In Section 5 we see an excerpt of a letter from Cartan to Weyl discussing the complete reducibility problem for semisimple Lie groups.
The advantage of his approach, Cartan explained in a letter to Weyl, was that complete reducibility could be proved "without being obligated to devote oneself to studies of analysis situs, which are always delicate". However, as Borel has pointed out, Cartan's proof takes for granted results which seem to require the sort of topological reasoning he wished to avoid. In his reply to Cartan's letter, Weyl defended his use of topology explaining that the "consideration of Analysis situs is very simple and applies to all semisimple groups without distinguishing cases. This approach lies closer to my whole way of thinking than your more algebraic method, which at the moment I only half understand".
Cartan was later convinced of the necessity of point-set topology and used it heavily in his arguments.
Thanks for your comments, @Evan Washington and @Patrick Nicodemus! I guess we can confirm that there's a tendency of people to oppose resistance to emerging mathematical theories playing a foundational role of some sort.
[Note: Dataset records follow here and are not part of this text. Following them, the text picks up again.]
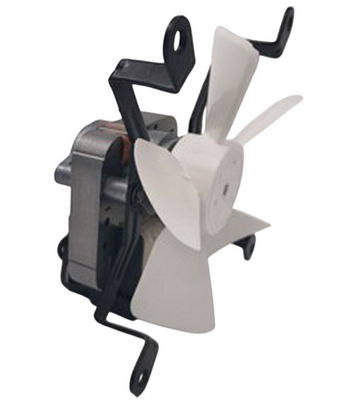 Lüftermotor-Gebläse-Ersatz des Wechselstrom-Kugel-Grill-24W 0.4A Hconvection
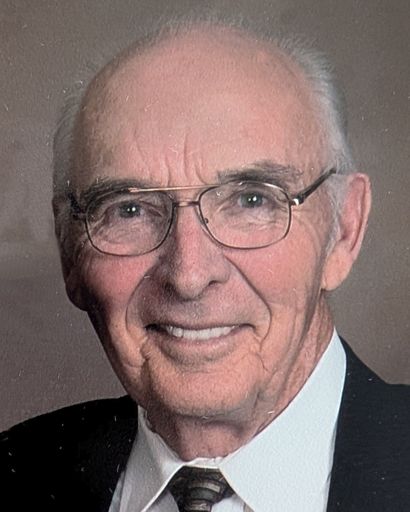 Donald P. Adams's obituary image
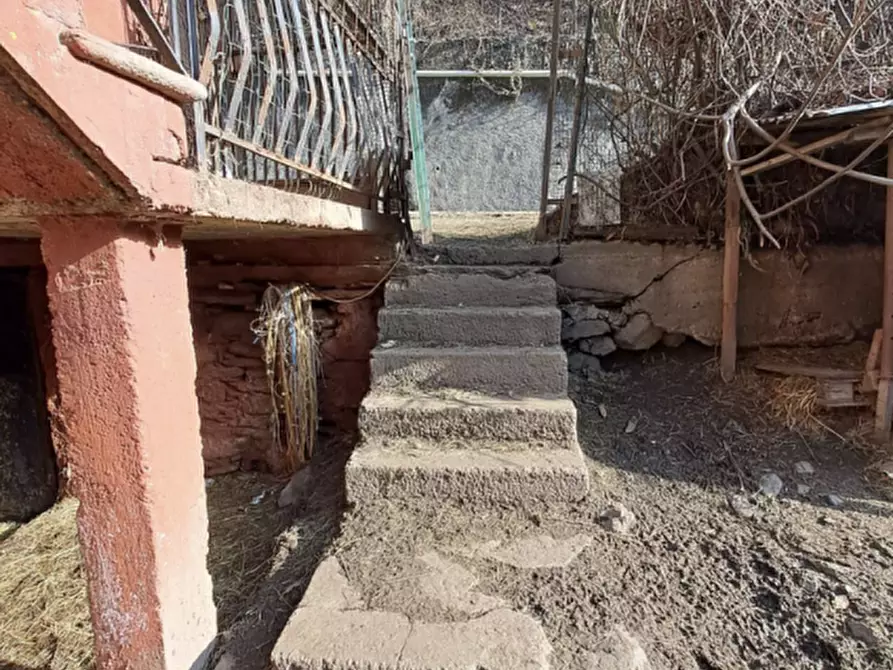 Immagine 14 di Casa indipendente in vendita  in Localita' Sagne snc a Perrero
I think the reason has already been pointed out more or less explicitly in this thread: by nature, giving foundations requires one to re-think pre-existing structures in a novel, often disorienting way, which in turn requires time and effort that people may not have or may not be willing to spend. Sometimes this resistance becomes dismissiveness or hostility.
We could think of it with a metaphor. Mathematicians are like people who build roads, bridges, etc. To do that of course they need tools, so these people are are also tool-builders to some extent, but road-building is what's considered the ultimate goal. With time, construction becomes harder and harder and radically new tools are needed, to the point that some of these people (the foundationally-inclined ones) start devoting most (or all) of their time to tool-building rather than road and bridge construction. In some cases, the merits of tool-builders are readily understood by the road-builders, because they see that the new tools enable constructions hitherto considered impossible.
However, in many cases, road-builders are reluctant to welcome new tools: they don't trust them, they don't understand how to operate them and don't feel like it's worth spending time learning how to, especially when the value of these tools is questionable, maybe because they do not clearly allow to build roads in new places, so far they're only known to build better/safer roads in old places, etc. Since the underlying culture still considers the expansion of the road network to have priority over everything else, there will always be road-builders who will think that tool-building is just a secondary activity and that, after all, it is them who do the real work. "It's just a tool, I already have mine and that's how I'll keep building my roads!". But the reasonable road-builders will always understand that tool-building is fundamental to their endeavor and, eventually, the new tools will show their worth (if they have one), it's just a matter of time!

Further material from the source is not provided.